The incubation stage is where the vast womb of the unconscious takes over, gestating the problem. The embryonic artwork grows effortlessly at its own pace. For the Transfiguration painting, this phase lasted about half a year. Then early one morning I woke from a dream. In the dream I had been painting a piece called Transfiguration. The painting had a simple composition, two opposing spherical curves connected by a figure. Floating above the earth sphere, a human, which was fleshly at the feet became gradually more translucent. At about groin level it “popped” into a bright hallucinogenic crystal sphere. The dream revealed a unique solution to my simmering aesthetic problem. But this illumination or inspiration phase, my “Aha!” moment provided by the dream, was extended or underscored later that week when I smoked DMT for the first time. As I inhaled the immediately active and extremely potent psychedelic, I got to experience the transfigured subject of my painting first hand. In my vision, my feet were the foundation of the material world. As I inhaled, the material density of my body seemed to dissolve and I “popped” into the bright world of living geometry and infinite spirit. I noticed strange jewel-like chakra centers within my glowing wire-frame spirit body, and spectral colors that were absent from my dream painting. I was in my future painting and was being given an experience of the state in order to better create it. After receiving these two visionary encounters of the same painting, I began to draw what I had seen in my sketchbook. This started the translation phase, bringing the inner solution of my artistic problem to an outward form. I drew the body and worked on the computer to help me plot an accurate texture map of the electric grid around the hyper-mindsphere. I then assembled the various elements and stretched a fairly large canvas, because I wanted the viewer to identify with a “life-sized” figure. Finally, I started painting. After many months of work, my wife Allyson continued to ask me about an unconsidered area of the painting. This was the space beneath the hyper-mindsphere. I hadn’t noticed the space in my visions except that it was dark. This was a puzzling dilemma, which lasted for a week or two, because “empty” looked wrong or unconsidered, yet what belonged there?

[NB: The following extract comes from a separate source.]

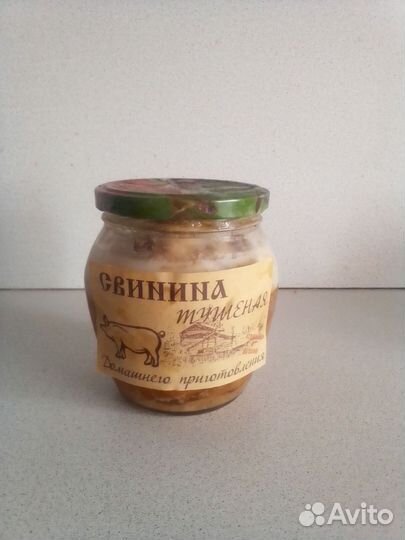 Домашние заготовки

As is sometimes our custom when we are aesthetically “stumped” and need to see our work with fresh and creative eyes, Allyson and I smoked marijuana and gazed at the piece. Suggestions of what should appear in the empty space began to coalesce. Stars obviously, but this was not just outer space, this was inner space, the place of numinous angels or demons, of Terence’s “self-dribbling basketballs,” beings with skin like a Fabergé egg, the oddly glowing mindspheres anticipating the transformative megasphere above. This seemed like the appropriate answer among the many that occurred to me. Work on the piece lasted almost a year.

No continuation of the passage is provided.